Incroyable, j'ai été dedans du début jusqu'à la fin. De très bon acteurs. Rien à dire de plus. Je vous le conseille fortement si vous hésitez à le voir.
Comme l’année 2019 a été l’année de François Civil, je dirai que l’année 2020 est celle de Benjamin Voisin que j’ai déjà vu dans 3 films (« La Dernière vie de Simon », « Un Vrai Bonhomme » et « Eté 85 ») et, malgré sa performance impeccable, ce film est pour moi le moins bon des 3. Le casting est pourtant parfait. Peut-être que l’attente du dernier François Ozon était trop grande pour moi ? Ou que ce film arrive trop tard, après « Call Me By Your Name » (2018) et « La Vie d’Adèle » (2013) ? J’ai surtout trouvé que le film peinait à démarrer, heureusement, la dernière partie du film est très réussie. Finissons par une évidence : l’action du film se passant dans les années 80, celui-ci bénéficie bien sûr d’une superbe bande originale.

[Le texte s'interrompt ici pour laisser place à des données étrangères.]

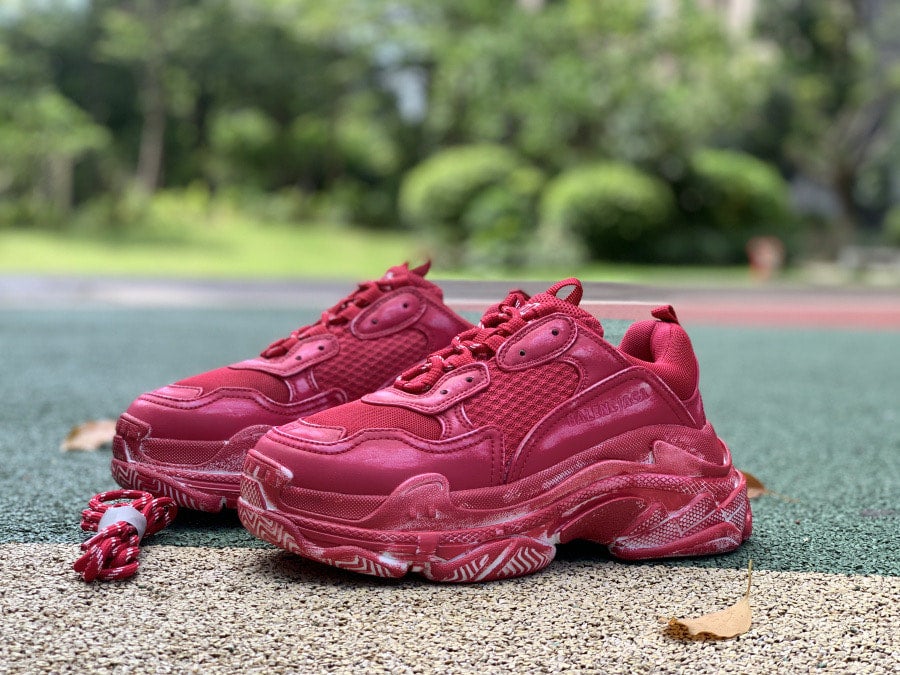 Balenciaga Triple S Dark Red Faded Factory Direct Sneakers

Après l'excellent pamphlet social "Grace à dieu", François Ozon revient en quelque sorte sur ses obsessions passés en racontant lle douloureux éveil amoureux d'un adolescent. Ozon, nous plonge dans l'époque de sa jeunesse e,n plein milieu des années 80. Mais Ozon ne nous parlera pas de sida à travers cette première expérience homosexuelle de son héros, iil préfère s'attarder sur le portrait psychologiqsue de ce jeune homme encore en pleine construction. Toujours juste, aidé pour celà par d'excellents comédiens, toutes générations confondues, le dernier Ozon se regarde avec un réel intérêt et même un certain plaisir tant on retrouve par moment l'insouciance des années 80. Le scénario, sans réel surprise, est bien construit . Une nouveffe fois, le jeune héros trouve son salut à travers l'écriture et Ozon fait donc à nouveau écho à un autre François, Truffaut dont le cinéaste peut se targuer d'être un de ses héritiers.